Mary’s bedroom opens into a formal great room where she received visitors. A few relics are displayed in glass cases, some books, her rosary, a letter she wrote and so on, but most notably a substantial lock of her hair which at some point was presented as a gift to Queen Victoria. I could not wrap my brain around the fact that I was looking at some of her actual hair. I then wandered around the gardens even though my ticket didn’t cover that (sorry), and it was stunning. Next to the palace is a ruined Abbey (destroyed by the Brits during Mary’s reign) which made for some lovely photos. Arthur’s Seat, the hill I climbed when I first arrived, looms over the Palace, providing a splendid royal view.

There are no photos inside the palace because more royal rules.

I returned to the hotel, hung up my clothes to dry and went out to dinner and a show. Rob Brydon was performing at the Edinburgh Festival Theatre.
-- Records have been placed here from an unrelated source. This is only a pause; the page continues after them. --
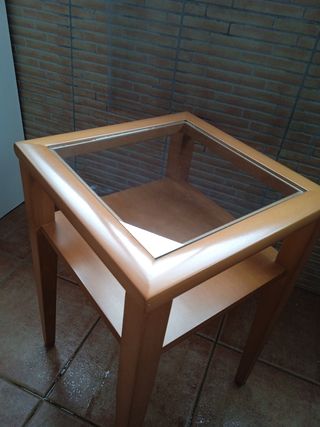 Mesita auxiliar madera y cristal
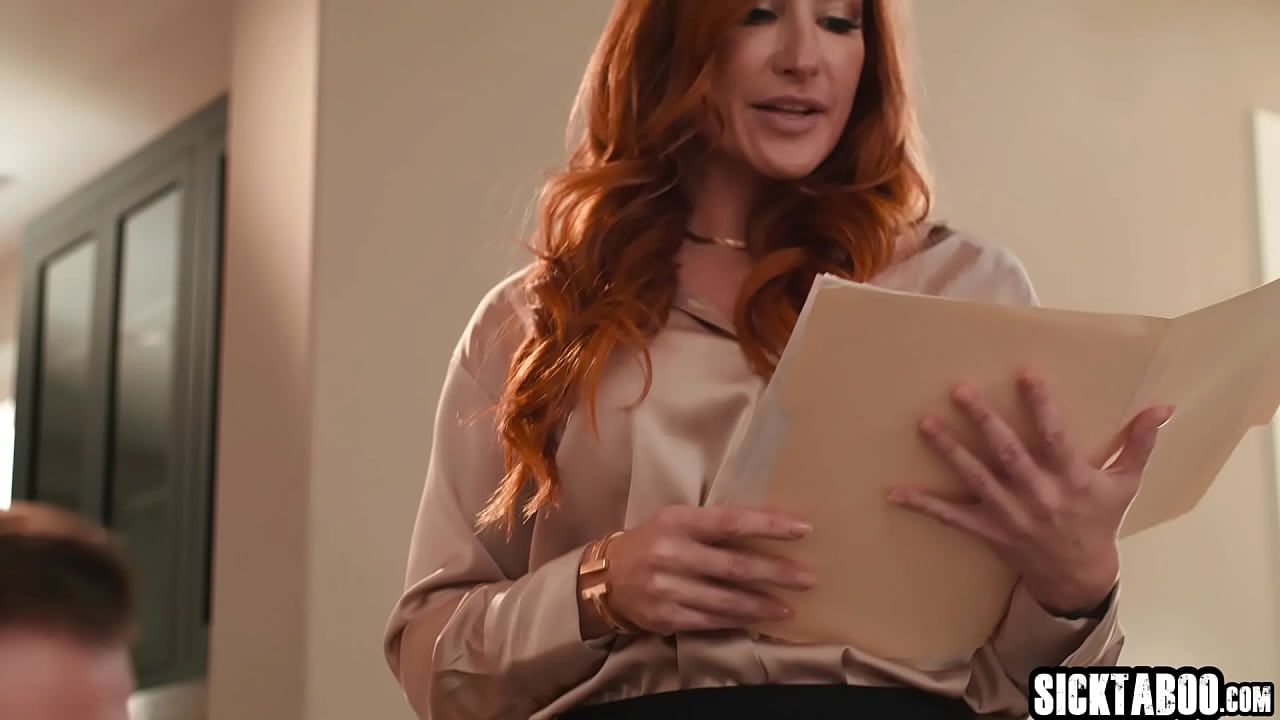 Sexy big tits MILF swallowed big cock and big ass therapist fucked her client after deepthroat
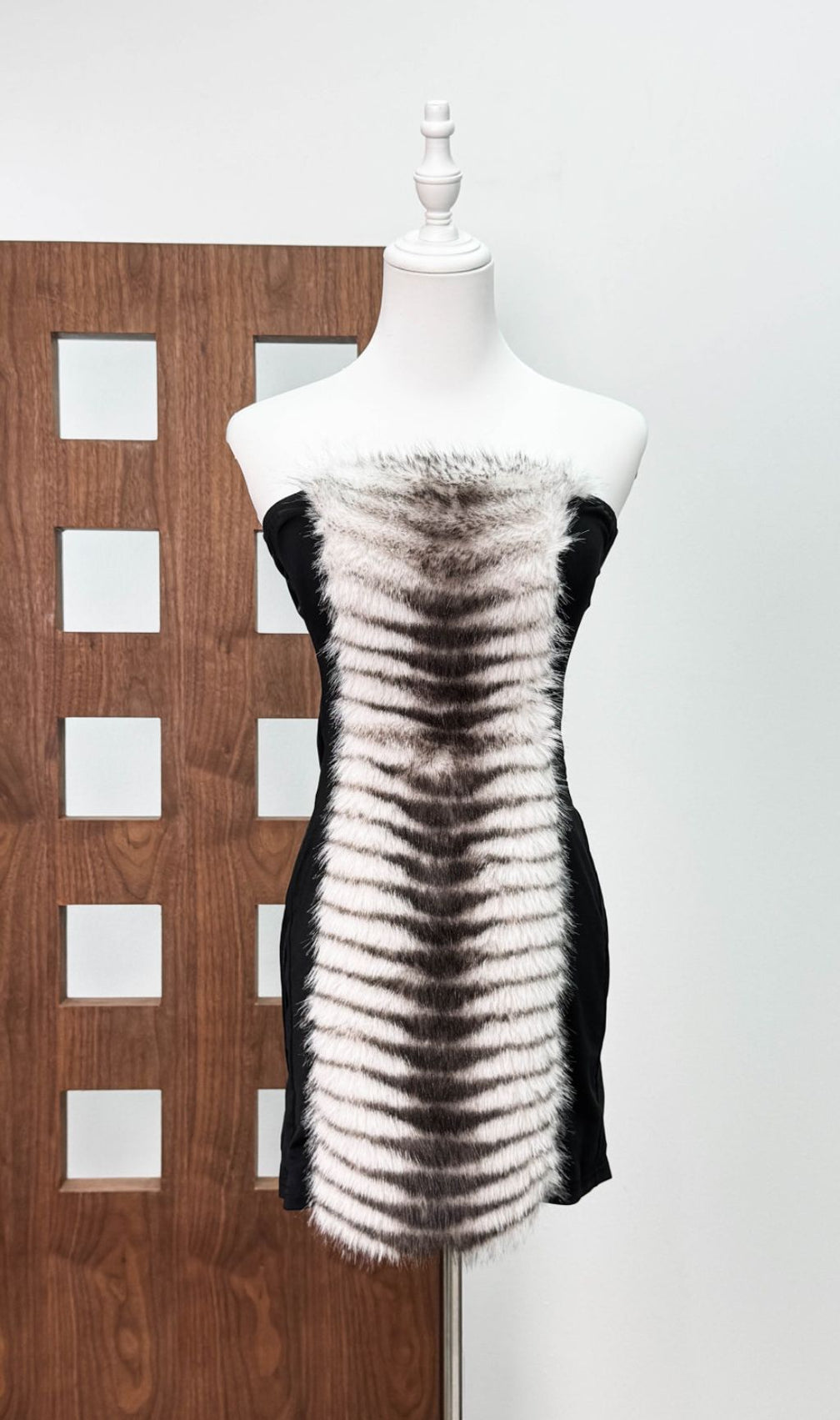 Intan Strapless Faux Fur Mini Dress - Edgy Animal Print Statement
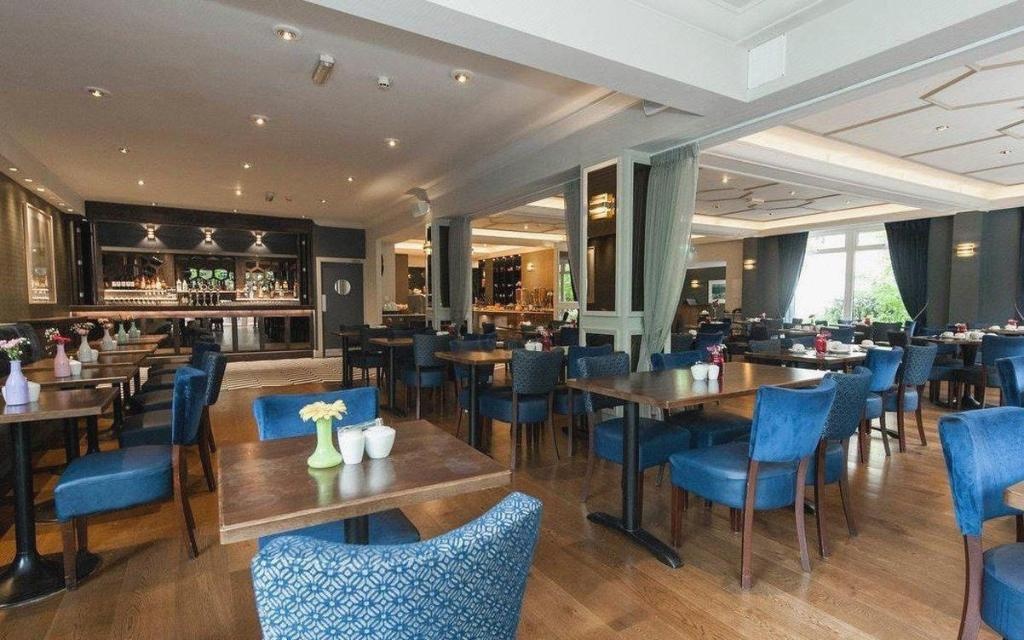 Sandymount Hotel  Dining  Dining Image 14 14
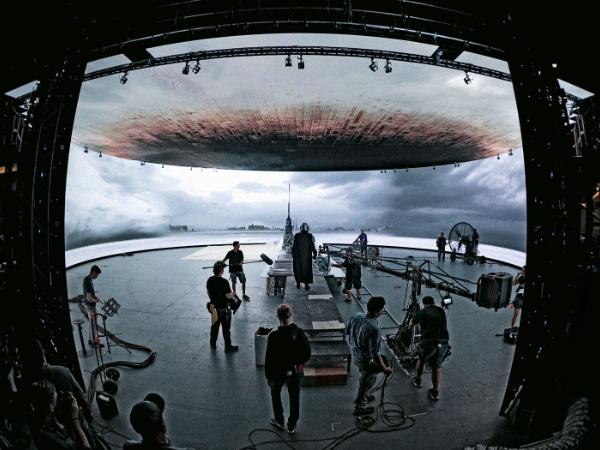 Wszystkie malownicze kadry serialu „The Mandalorian” powstały na terenie studia z sufitem i ścianami zbudowanymi z ekranów LED.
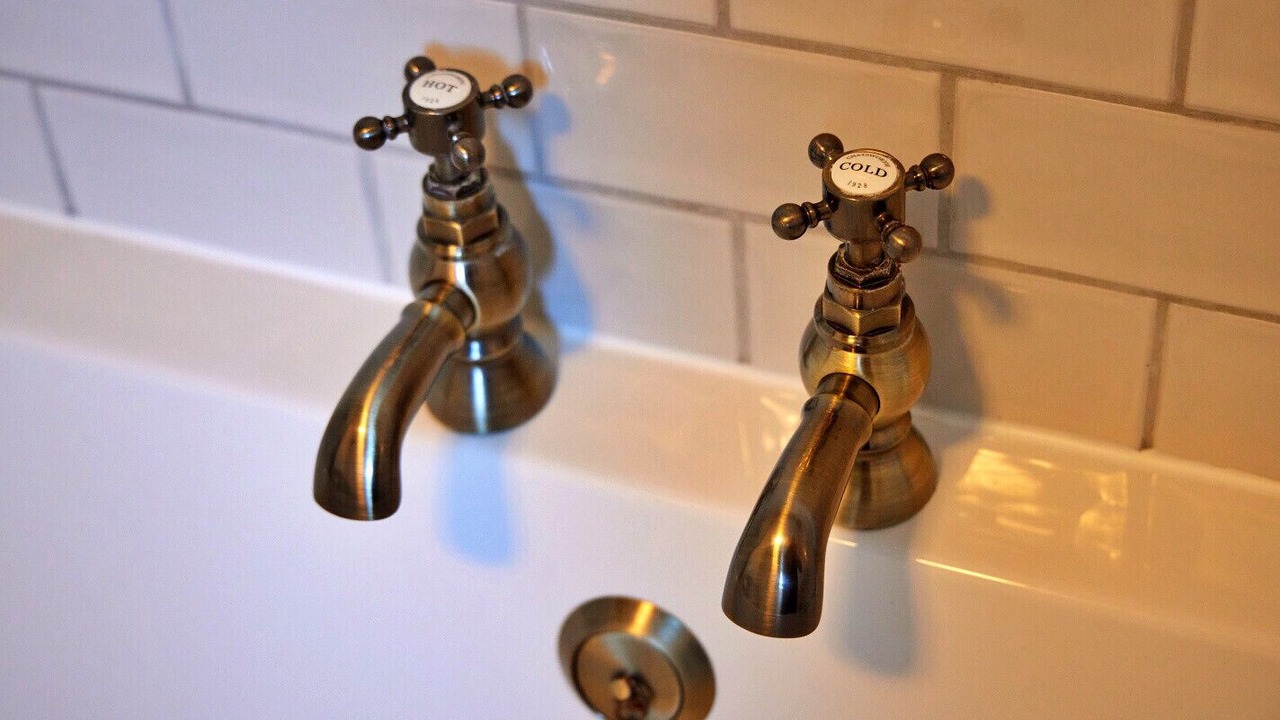 Photo of Bathroom in Hemingby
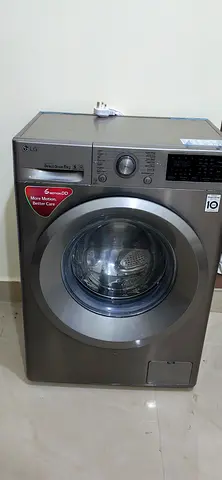 LG Front Load Washing Machine - 8kg, Silver, Good Condition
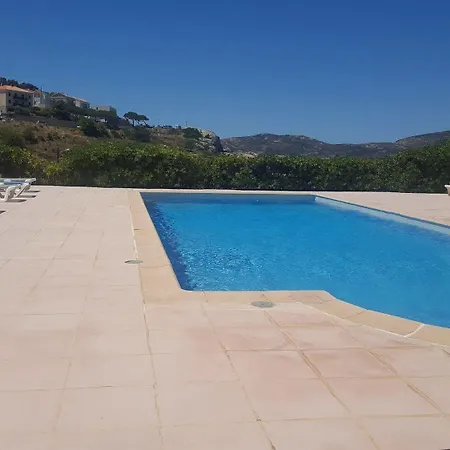 솔 마레 2* 칼비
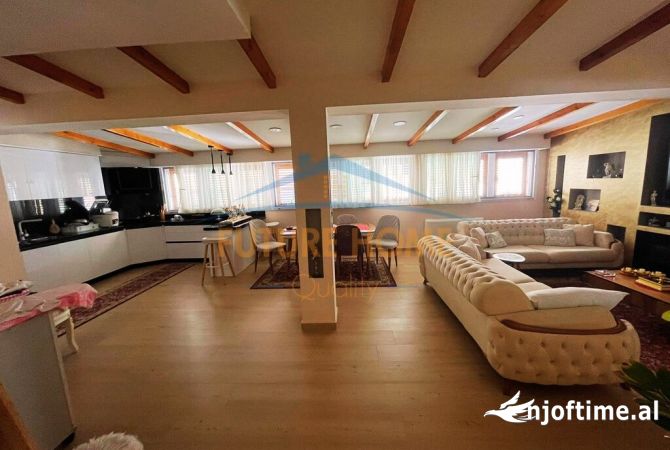 Shtepi ne shitje 3+1 ne Durres - 300,000 Euro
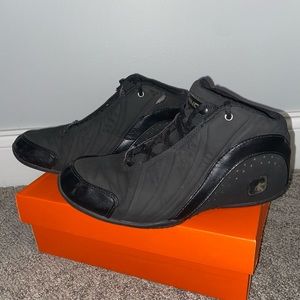 Boys size 7 AND1 basketball shoes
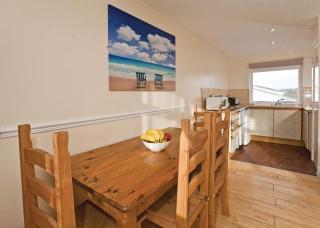 Anglesey Bungalows - 4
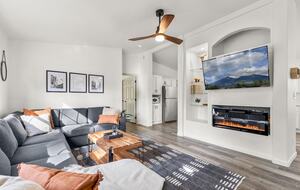 Kachina Village Retreat with Trail Access - Flagstaff, Arizona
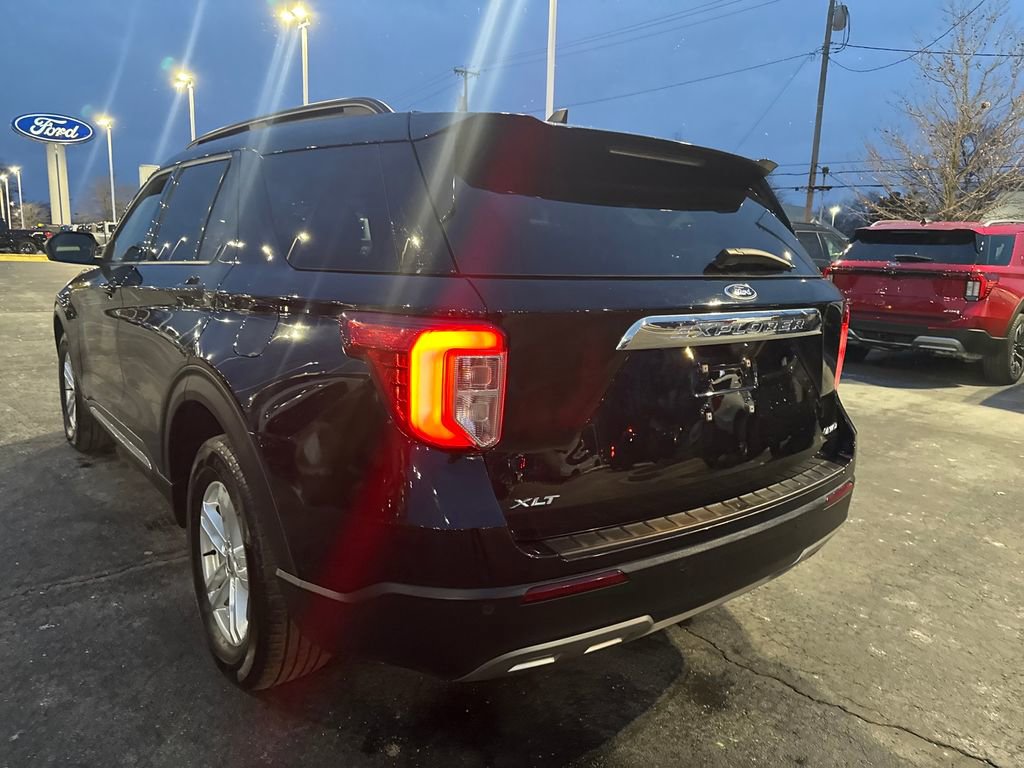 Used 2023 Ford Explorer XLT w/ Equipment Group 202A image 8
When you are a single, you can usually snag a fabulous ticket late in the game in the front section. The Trip is one of my favorite films, and it stars Brydon and Steve Coogan. Two awkward British men traveling through northern England eating at gourmet restaurants. Their main schtick was doing competing Michael Caine impressions, which sounds tedious, but is hilarious.

I had dinner at the Printing Press, a posh restaurant in New Town. And there it was, on the menu, as a starter. Haggis and neeps. I figured this was my chance to cross the culinary Scottish Rubicon. An appy-sized, gourmet restaurant version of the famously awful dish. Here’s the deal, though – it was fabulous. I chased it with one of the best risottos and best chocolate desserts I’ve ever had. So serious. My server was a Canadian who had finished college and decided to move to Scotland, as it’s relatively easy to get a work visa in another Commonwealth Country. I was proud of her choice and wish I had done something similar. She loves Edinburgh.

Rob Brydon was way more hilarious than I was expecting. The top of his act was him talking to members of the audience about various things and he’s brilliant at it. His act includes loads of impressions (some were singularly British, sailing right over my head) with many astutely hilarious observations about aging and what it does to your pee stream strength and farting frequency. I was laughing to tears as were most people in the 2,000 seat house. Great fun for my last night in the big city before heading to the Highlands.